KRR Group Meetings


The KRR group meets generally every one or two weeks to discuss research being undertaken within the group. Each week a member of the group gives a presentation on their work, which is followed by a discussion. Sometimes external speakers are invited to present their work

Below is a list of upcoming meetings and talks, followed by a list of recent meetings and links to events in the previous years.

Upcoming meetings:

Thu 19th May 2011
3pm
Boardroom, Level 8

Jochen Renz

Australia National University

How to make qualitative spatial reasoning fast?
A guide for users of spatial information

Qualitative spatial reasoning is a complex computational problem. Over the past 20 years there has been a lot of progress in enabling efficient reasoning for some of the well-known qualitative spatial calculi.
However, applications often require a customized spatial representation and existing theoretical results usually cannot be transferred to a new spatial representation.

In this talk I show how users of spatial information can easily develop their own qualitative spatial representation for a given application, and easily develop efficient spatial reasoning algorithms for their new representation.
Previously, this required a complicated technical analysis that could only be performed by a small number of experts. Using results and algorithms developed by the speaker, this task can now be done without any expertise in how to theoretically analyze spatial calculi.



Juan Christine Chen

Jilin University

Relational Operations of Cardinal Direction Relations Based on Rectangle Algebra

Direction relations between extended spatial objects are important commonsense knowledge.
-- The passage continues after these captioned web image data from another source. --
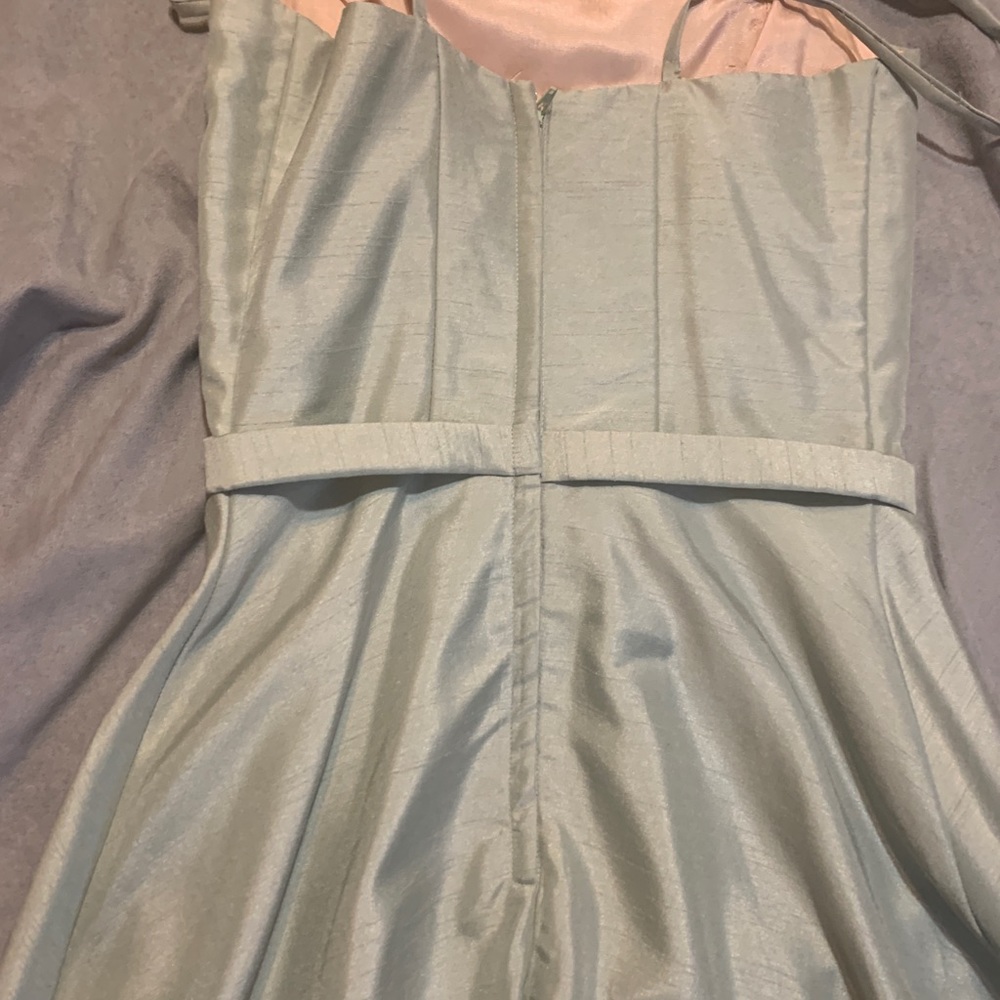 Vintage Celery Green Tea Length Gown Below Knee Siz… Gem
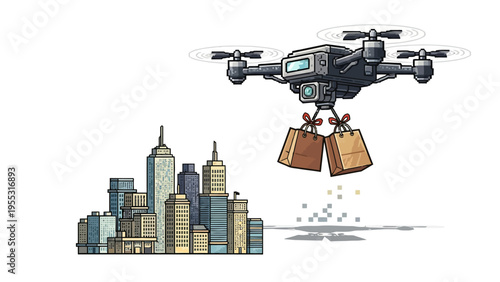 Drone Delivering Packages City.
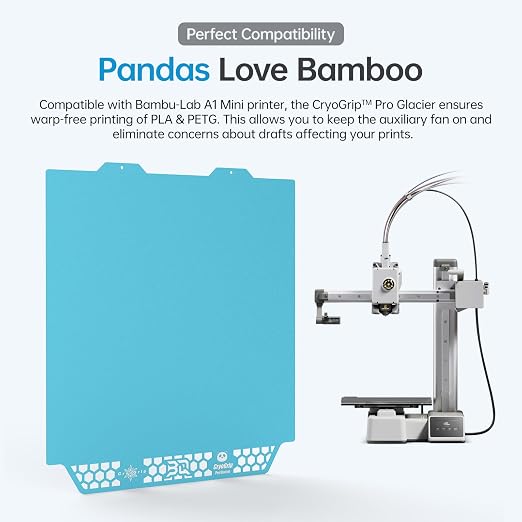 BIQU CryoGrip Pro Glacier Panda Build Plate for Bambu-Lab A1 Mini 3D Printer, Double-Sided Fine Textured Spring Steel Sheet, Firm Adhesion,184x184mm, 1 Piece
Skiadopoulos proposed a formal model for representing direction relations between compound regions (the finite union of simple regions), known as SK-model. It perhaps is currently one of most cognitive plausible models for qualitative direction information, and has attracted interests from artificial intelligence and geographic information system. Due to the asymmetry and the massive number of basic directions, the inverse and composition operations in SK-model become extraordinary complex.

Here a novel method for the inverse and composition are proposed. Basing the concepts of smallest rectangular directions and its original directions, it transforms the inverse and composition of basic cardinal direction relations into the inverse and composition of rectangle relations ( planar extension of Allen's interval relations ).
Comparing with existing methods, this algorithm has quite good dimensional extendibility, that is, it can be easily transferred to the tri-dimensional space with a few modifications. Also it gives the hints to combine the temporal information with directions.

Recent meetings:

Mon 9th May 2011
2pm
Boardroom, Level 8

Claudio Campelo

School of Computing
University of Leeds

Identifying Geographical Processes from Time-Stamped Data

Humans tend to interpret a temporal series of geographical spatial data in terms of geographical processes. They also often ascribe certain properties to processes (e.g. a process may be said to accelerate). Given a spatial region of observation, distinct properties may be observed in different subregions and at different times, which causes difficulties for humans to identify them. The conceptualisation of geographical features and their correlation with geographical phenomena may provide a human like approach to analyse large spatio-temporal datasets.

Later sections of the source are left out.